Il primo ricordo di Paolo Jannacci di suo padre Enzo? «Il suo abbraccio, forte, pieno di energia, che mi tira su». Un padre presente. Molto presente, racconta ancora il figlio Paolo al Corriere della Sera, nonostante fosse un artista. «Non si perdeva mai gli appuntamenti “istituzionali”, non si è mai dimenticato delle occasioni importanti: saggi, riunioni dei professori, pagelle... è andato lui a vedere il voto della maturità e ha segnato anche irisultati di tutti i miei compagni su un foglietto. Un bigliettino che tenevo gelosamente nel portafoglio insieme ad altri ricordi, ad altri messaggi. Un anno ero al Festival di Sanremo e mi hanno rubato il portafoglio sul red carpet. Ho perso tutto, maledetti». Se chiude gli occhi la prima cosa che viene in mente a Paolo è la risata di suo padre. «Quando si entusiasmava per una situazione o una persona la sua risata sottolineava ancora di più quel trasporto».

Paolo Jannacci ricorda il padre

Le risate più belle? Forse tutte. «Ridevamo tanto, le risate più belle e intime erano all’autolavaggio. Si andava insieme, si chiacchierava, si impostava la problematica...». E al Corsera spiega il significato di problematica: «I problemi da risolvere... Mentre eravamo lì sezionavamo la problematica e ci ridevamo su; e poi ci disperavamo per la risata che ci eravamo fatti perché riconoscevamo gli elementi tragici di quello che ci capitava. Il ridere dei guai ci faceva sopportare le avversità che ci capitavano. Quello all’autolavaggio era un momento chirurgico e analitico, la macchina alla fine era pulita e noi tornavamo a casa contenti.
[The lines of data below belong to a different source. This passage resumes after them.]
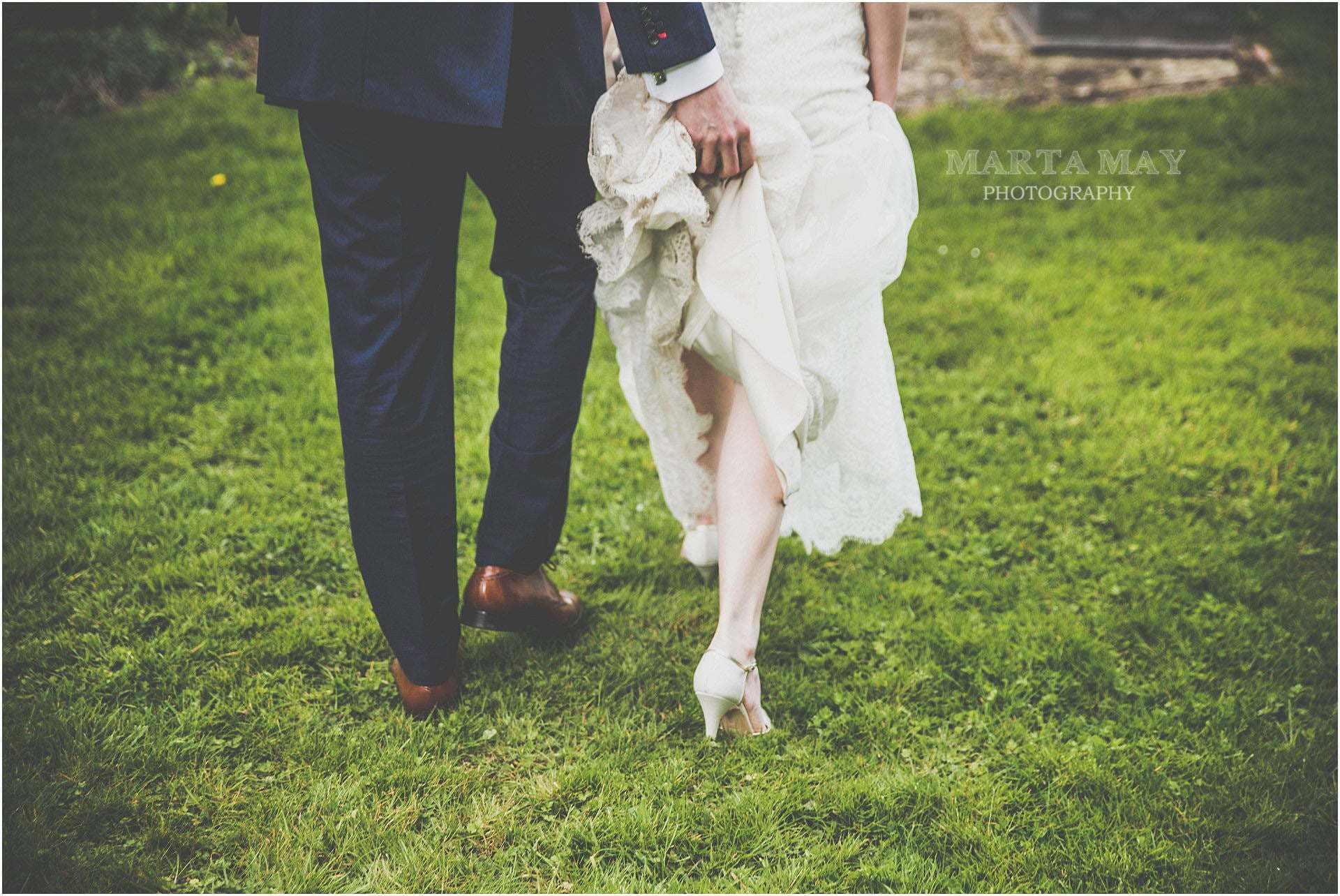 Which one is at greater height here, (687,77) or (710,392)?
(687,77)

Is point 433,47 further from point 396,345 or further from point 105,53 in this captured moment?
point 105,53

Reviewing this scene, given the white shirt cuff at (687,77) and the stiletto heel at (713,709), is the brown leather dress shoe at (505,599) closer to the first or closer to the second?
the stiletto heel at (713,709)

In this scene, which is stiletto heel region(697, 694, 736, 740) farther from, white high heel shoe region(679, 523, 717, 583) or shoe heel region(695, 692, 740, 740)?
white high heel shoe region(679, 523, 717, 583)

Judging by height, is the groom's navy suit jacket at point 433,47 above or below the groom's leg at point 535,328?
above

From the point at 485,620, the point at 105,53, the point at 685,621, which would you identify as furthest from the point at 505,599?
the point at 105,53

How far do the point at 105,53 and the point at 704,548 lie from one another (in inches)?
193

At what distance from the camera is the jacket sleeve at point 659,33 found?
1.67 meters

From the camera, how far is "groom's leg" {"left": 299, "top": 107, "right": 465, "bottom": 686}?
1.69 meters

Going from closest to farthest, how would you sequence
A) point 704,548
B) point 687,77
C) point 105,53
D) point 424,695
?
point 687,77, point 424,695, point 704,548, point 105,53

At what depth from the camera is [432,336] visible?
1864mm

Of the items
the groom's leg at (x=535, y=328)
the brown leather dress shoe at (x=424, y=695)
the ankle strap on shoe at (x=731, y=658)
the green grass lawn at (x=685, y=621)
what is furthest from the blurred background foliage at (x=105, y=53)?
the ankle strap on shoe at (x=731, y=658)

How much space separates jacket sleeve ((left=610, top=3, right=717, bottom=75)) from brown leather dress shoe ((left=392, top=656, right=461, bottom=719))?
4.23 feet

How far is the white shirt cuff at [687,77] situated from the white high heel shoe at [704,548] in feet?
3.77

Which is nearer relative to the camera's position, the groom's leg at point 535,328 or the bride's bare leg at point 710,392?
the groom's leg at point 535,328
Magari non si risolveva niente ma eravamo più leggeri; era un po’ come fare l’analisi dall’analista, una volta che racconti la problematica inizia già il percorso».

Ma Enzo era un padre esigente. «Mi rimproverava la pigrizia, mi ha insegnato il rispetto per se stessi e per gli altri, guai a sgarrare, l’ho imparato da ragazzino con sfuriate importanti». Una volta «per un mio atteggiamento non abbastanza educato si arrabbiò tantissimo, prese l’auto e scappò via. Non mi ha parlato per due giorni».

I contrasti

Ma c'era anche qualcosa di Enzo che non piaceva a suo figlio Paolo: «Abbiamo avuto il nostro periodo di contrasto padre e figlio: io non accettavo lui, lui faceva fatica ad accettare me come “nuovo” ragazzino con una sua personalità. Certi suoi atteggiamenti non mi piacevano, il modo poco ordinato di gestire la sua vita, aveva uno stile troppo bohémienne che non mi andava bene. Avevo 16/17 anni, era il classico periodo dell’adolescenza in cui ci si scontra con il papà. Ci siamo fatti gli affari nostri per lunghi periodi, poi ci siamo capiti e abbiamo accettato gli errori e le mancanze dell’altro. Siamo diventati oltre che padre e figlio, anche amici».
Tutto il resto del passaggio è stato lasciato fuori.